Having dropped our budding scientist off at the science camp this morning, D. and I (with O. in a baby carrier) spent some time at the Tacoma Art Museum. They have an incredible show right now: Lodge by Marie Watt, a practitioner of  “social sculpture,” which “holds that art should be participatory and has the power to effect transformations in the self and society.” She uses blankets and felt to tell stories. The centerpiece of the exhibit is Engine, a felt cave in which American Indian storytellers, projected as holograms (a nod to Star Wars), tell stories of their peoples. Here is her website and here are some exhibit pictures:

The blankets, some or all, I am not sure, were donated. Donors included stories about the blankets, which are attached to them. One of the blankets was donated by a WWII prison camp survivor; the blanket was given to him in the camp.
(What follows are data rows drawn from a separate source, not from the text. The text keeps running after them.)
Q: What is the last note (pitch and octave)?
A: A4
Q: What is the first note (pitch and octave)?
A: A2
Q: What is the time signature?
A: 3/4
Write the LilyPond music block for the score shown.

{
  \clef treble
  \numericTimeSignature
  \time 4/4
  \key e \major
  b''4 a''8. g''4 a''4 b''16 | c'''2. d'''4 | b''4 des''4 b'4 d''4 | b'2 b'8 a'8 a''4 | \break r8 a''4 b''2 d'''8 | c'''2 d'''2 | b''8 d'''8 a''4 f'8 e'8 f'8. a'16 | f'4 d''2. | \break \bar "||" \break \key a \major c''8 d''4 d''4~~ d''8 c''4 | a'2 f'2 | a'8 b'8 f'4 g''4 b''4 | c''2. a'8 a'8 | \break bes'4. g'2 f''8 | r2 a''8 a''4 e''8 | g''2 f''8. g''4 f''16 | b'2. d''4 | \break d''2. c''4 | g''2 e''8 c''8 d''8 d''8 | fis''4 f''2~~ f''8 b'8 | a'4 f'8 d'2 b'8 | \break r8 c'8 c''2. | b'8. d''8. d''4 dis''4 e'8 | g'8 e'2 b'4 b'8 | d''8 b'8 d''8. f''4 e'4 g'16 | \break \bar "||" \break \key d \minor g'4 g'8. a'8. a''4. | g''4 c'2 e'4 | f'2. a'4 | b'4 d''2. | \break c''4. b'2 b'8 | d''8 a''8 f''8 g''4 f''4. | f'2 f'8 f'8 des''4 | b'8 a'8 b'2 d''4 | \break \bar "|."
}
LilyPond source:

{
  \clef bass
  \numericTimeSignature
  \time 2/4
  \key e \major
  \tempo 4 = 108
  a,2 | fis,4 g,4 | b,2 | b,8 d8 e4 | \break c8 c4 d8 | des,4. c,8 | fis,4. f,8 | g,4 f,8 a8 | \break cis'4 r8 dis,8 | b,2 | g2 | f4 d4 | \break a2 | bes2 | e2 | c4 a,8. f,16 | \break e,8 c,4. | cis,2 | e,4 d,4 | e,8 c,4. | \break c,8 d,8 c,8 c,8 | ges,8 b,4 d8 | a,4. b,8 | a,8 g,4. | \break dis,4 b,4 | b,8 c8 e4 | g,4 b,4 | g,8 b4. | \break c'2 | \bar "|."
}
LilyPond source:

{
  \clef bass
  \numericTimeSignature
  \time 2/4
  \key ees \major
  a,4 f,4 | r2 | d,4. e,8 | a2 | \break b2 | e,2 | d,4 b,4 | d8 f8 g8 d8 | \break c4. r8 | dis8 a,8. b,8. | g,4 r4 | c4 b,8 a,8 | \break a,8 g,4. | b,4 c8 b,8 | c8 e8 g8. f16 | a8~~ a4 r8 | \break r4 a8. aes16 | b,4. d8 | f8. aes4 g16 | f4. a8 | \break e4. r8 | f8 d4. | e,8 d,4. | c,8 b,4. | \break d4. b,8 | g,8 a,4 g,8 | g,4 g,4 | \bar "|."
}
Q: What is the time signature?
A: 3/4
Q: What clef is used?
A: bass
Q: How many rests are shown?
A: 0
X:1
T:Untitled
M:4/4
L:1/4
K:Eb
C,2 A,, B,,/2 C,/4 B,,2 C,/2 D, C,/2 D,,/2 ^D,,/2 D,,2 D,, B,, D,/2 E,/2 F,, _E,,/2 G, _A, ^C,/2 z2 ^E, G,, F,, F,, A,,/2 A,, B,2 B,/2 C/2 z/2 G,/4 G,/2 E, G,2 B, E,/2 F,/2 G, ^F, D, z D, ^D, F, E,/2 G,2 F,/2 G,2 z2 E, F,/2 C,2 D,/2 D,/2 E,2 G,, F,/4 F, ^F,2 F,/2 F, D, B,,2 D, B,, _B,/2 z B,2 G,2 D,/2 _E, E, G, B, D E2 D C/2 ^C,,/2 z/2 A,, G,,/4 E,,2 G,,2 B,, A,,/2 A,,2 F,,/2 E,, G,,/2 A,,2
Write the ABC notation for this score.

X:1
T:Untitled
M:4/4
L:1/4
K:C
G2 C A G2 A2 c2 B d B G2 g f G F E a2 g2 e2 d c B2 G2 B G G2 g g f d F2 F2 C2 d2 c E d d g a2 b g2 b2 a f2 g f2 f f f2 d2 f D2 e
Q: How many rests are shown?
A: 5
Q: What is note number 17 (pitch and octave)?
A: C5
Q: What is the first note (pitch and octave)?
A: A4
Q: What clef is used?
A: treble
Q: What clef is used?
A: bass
The whole exhibit is moving and powerful, but I don’t need to elaborate on that; that’s not the purpose of this blog.

The great thing about the Tacoma Art Museum is the art resource room on the second floor, where you can make art inspired by the exhibits using the toolkits provided by the museum. Being impressed and moved by Watt’s work, I chose Stitches, Stories, Shelter. Here is the visual story of the five-minute creative act that came out of that:

the toolkit

the instructions

my contribution

(Maybe what I meant to say with my fabric patch is this: that in parenting you have to be tough, soft, and fierce all at the same time. Maybe I didn’t mean to say anything at all, but liked the fabrics and the colors.)

the entire display

(You may also notice D’s blue fabric bike in the middle. After all, an image of a bike says a lot about who he is and what he does.)

other people’s work

By the time I was done, it was time to pick up our little camper. We all headed to the Museum of Glass, where they just happened to have a silly puppet-making activity. We cut out heads, bodies, and legs from different magazines and put them together using hole punches and brackets. Results? Here:





What a great day. I am grateful for museums, their participatory nature,and for the fact that they encourage creativity. This is not what museums are like where I grew up.